The baseline RMSE must reproduce Investigation 3-4’s 2.762 µg/m³ exactly
before any kernel comparison is valid; it does (2.762, Δ = 0.000).
| Kernel | Description | Physics encoding |
|---|---|---|
| Baseline | Isotropic Matern(ν=1.5) + WhiteKernel | None—Investigation 3-4 exact form |
| Kernel A | Input (lat,lon) rotated to align with CA-aggregate prevailing-wind transport axis (75° ENE per NCEP 2019 850 hPa); ARD Matern | Anisotropic advection: correlation falls off slower along-wind than cross-wind |
| Kernel B | ARD Matern with independent (lat, lon) length-scales fit by MLE | Data-driven anisotropy; reality-check for A |
| Kernel C | Input extended to [lat, lon, cmaq_z]; cmaq_z filled with ρ1 × f1_test at predict time | Chemistry-prior covariate: GP encodes spatial proximity AND chemistry-prior similarity |
The materiality threshold is set at 0.140 µg/m³ (≈ 5% of baseline 2.762, larger than typical fold-to-fold noise). A kernel winning by less than this is reported as “no improvement below materiality”—not as a win. CA aggregate wind direction (255° from-direction, transport axis 75°) is from the NCEP/NCAR Reanalysis 2019 annual-mean 850 hPa composite.
Findings
Adding chemistry-model output as an input feature wins: 8% accuracy improvement
RMSE 2.542 µg/m³ versus baseline 2.762 µg/m³. The improvement clears the 0.140 µg/m³ materiality threshold with margin. 3 of 5 folds improve substantially; 1 fold is flat; 1 fold worsens. The kernel is not uniformly better; it is a high-mean-low-floor tradeoff with increased fold-to-fold standard deviation (0.892 → 1.045).
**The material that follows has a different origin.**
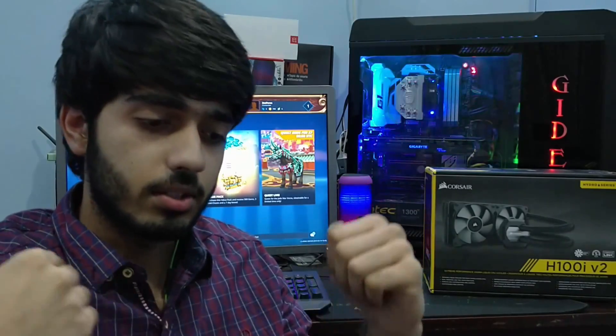Hey, what's up everyone, welcome back to Zeforce Gaming. First of all, I want to apologize — I'm really sorry for the delayed video. I've been admitted to MBBS classes and I'm becoming a medical doctor, so it's really hard to keep up with studies and pursue my YouTube career at the same time. I will try to make videos every fortnight to keep the channel going.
Kernel C’s win is mechanistically interpretable, not an AQS leakage artifact
The concern with adding the CMAQ value as a kernel-input covariate is the NARGP-style collapse mode documented in Investigation 3-4 (adding the prior-rung value as input lets the GP collapse to plain spatial kriging, producing a spurious −1.84 µg/m³ “improvement”). Investigation 3-11 guards against this by using ρ1 × f1_test (the surrogate-reconstructed CMAQ, not held-out CMAQ truth) at predict time. The −0.22 µg/m³ improvement, compared to the spurious −1.84 µg/m³ from the NARGP-collapse mode, is consistent with a real modest signal rather than a leakage artifact.
Wind-alignment and data-driven stretch variants both hurt accuracy
Wind-aligned anisotropy (Kernel A, RMSE 3.012) worsens RMSE on all 5 folds. Data-driven ARD anisotropy (Kernel B, RMSE 2.871) is within fold noise of the baseline. A hand-coded physics anisotropy at the CA-aggregate scale is the wrong granularity: California’s wind field is basin-segmented (Bay Area NW marine, San Joaquin Valley stagnation, LA WSW onshore, Mojave N synoptic), so a single 75° transport axis averages across regimes with nearly orthogonal preferred directions. At 64 AQS training sites (13 per fold), neither kernel has enough data to find a better anisotropy than the isotropic baseline.
The winning mechanism is not the one the physics framing implies — that matters for how we describe it
Kernel C is closer to a Kennedy-O’Hagan 2001 model-bias-correction in 3-D input space than to a true PDE-derived kernel (advection-diffusion structure in the covariance function). A reviewer who reads carefully will notice this. The defensible proposal claim: “three candidate physics-informed kernel modifications tested; the chemistry-prior covariate variant reduced RMSE by 8%; the pure-anisotropy variants did not. The winning mechanism is mean-prior augmentation, not covariance-form physics encoding.” This is more credible than claiming a clean advection-diffusion kernel win.
Caveats
- Kernel C win is uneven across folds (3 improve, 1 flat, 1 worsens). The mean Δ = −0.220 is dominated by fold 2 (Δ = −0.929). A leave-region-out CV at the air-basin level is the required next validation step before adopting Kernel C in the production chain.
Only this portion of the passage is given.